Ces boîtes à leur tour étaient regroupées dans des boîtes à chaussures, au passage on aura compris que chez nous les boîtes avaient plus d'une vie, qu'il était hors de propos de les jeter. La boîte à chaussures a deux avantages majeurs, son format parallépipèdique permet l'empilement, le rangement dans un carton, il est possible aussi d'écrire sur son couvercle, avec application en écriture ronde ou en anglaise « visses, clous » voire même parfois « divers ».
Le carton, réceptacle des boîtes est issu du commerce de denrées périssables, de l'électronique ou simplement d'un déménagement.
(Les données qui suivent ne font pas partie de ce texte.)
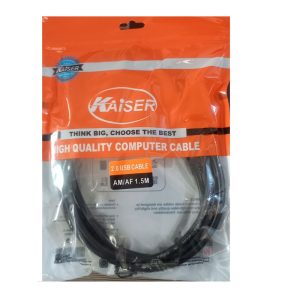 کابل افزایش طول USB کایزر به طول 1.5 متر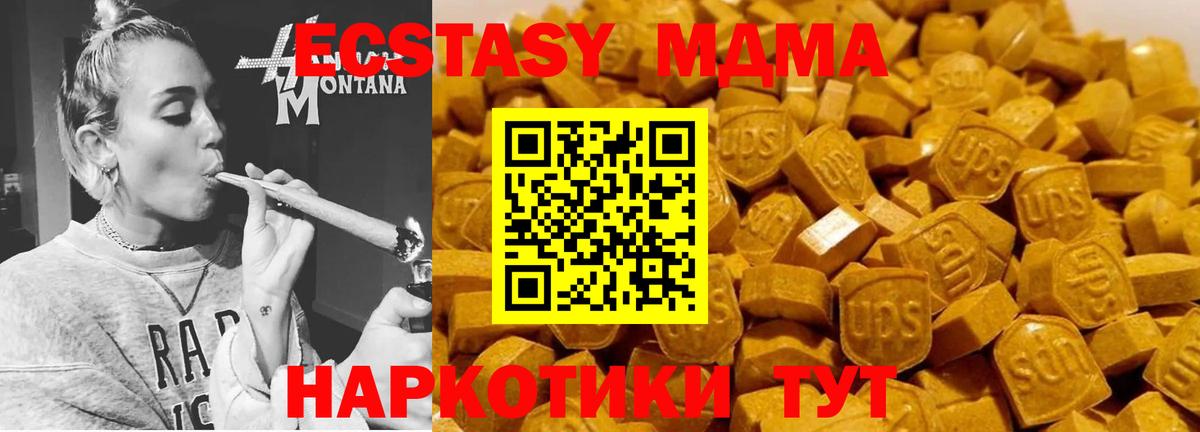 Чернушка  МДМА VHQ  MDMA  Вход с VPN  МДМА кристаллы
Un vrai carton de boîtes se reconnaît à ses coins usés et même abîmés, à des traces de gros ruban adhésif, et aussi à ces inscriptions maintes fois barrées et rectifiées. On ne le retrouve pas n'importe où, il est toujours là où il ne devrait pas être. Car le carton a une vie, c'est un être sensible et indépendant qui a peur de se montrer. Si vous recherchez un carton, soyez bien sûr que ce sera le tout dernier au fond, sous les autres cartons qui le cachent, car les cartons sont solidaires.
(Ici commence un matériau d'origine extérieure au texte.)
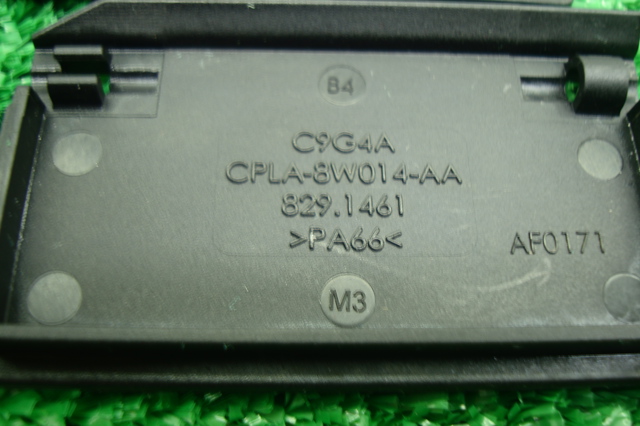 JAGUAR GX738C607AE в наличии Черкассы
Ainsi donc, nous empilions avec ordre et méthode nos boîtes et nos cartons. De temps en temps, mon père sonnait l'alarme sous la pression d'une urgence, prioritaire, forcément : « as tu vu mon...? », forcément son garçon était le premier soumis à la question : « tu n'as pas pris le.. ? », invariablement l'anxiété montant, il passait au « ce n'est pas possible, on a encore touché à mes affaires, je l'avais mis dans ma boîte ! » A ce moment là, surgissait l'arbitre du foyer, ma mère, qui lui rappelait : « avec ta manie de mettre les petites boîtes dans les grandes, les grandes dans les carton,» c'était reparti pour un tour. Le temps de retrouver la petite boîte qui, allez savoir pourquoi, était allée se cacher dans un tiroir, du meuble qui avait changé de place, comme la maison, comme la ville, comme le pays.
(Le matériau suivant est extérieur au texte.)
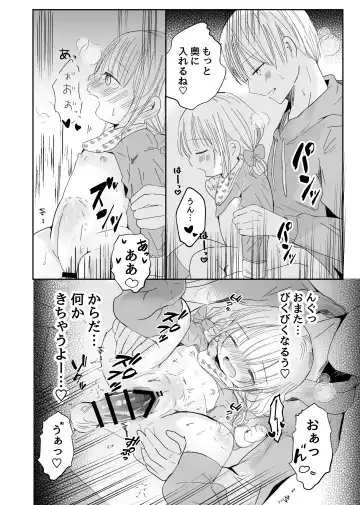 [Sayaka] Onii-chan to Omamagoto Fhentai - Page 39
Au bout du voyage, le carton est le témoin des jours anciens. Certains s'ouvrent après plusieurs décennies libérant l'odeur d'antan, plus que ce qu'ils contiennent c'est là leur seul vrai trésor, exhalaison d'enfance, de période enchantée qui s'évanouit doucement sous notre nez.
Un jour, mon père a arrêté ses pérégrinations, il est parti rejoindre son étoile filante ; lorsqu'il fallut refermer sa dernière boîte, il manquait un boulon.
Avec ma sœur nous l'avons regardé une dernière fois, il ne bougeait pas, ce n'était pas une farce ultime de l'écureuil.
Pourtant ils ne l'ont jamais retrouvé ce boulon, ils ont du aller en prendre un dans leur boîte à eux, leur boîte de « au cas où ».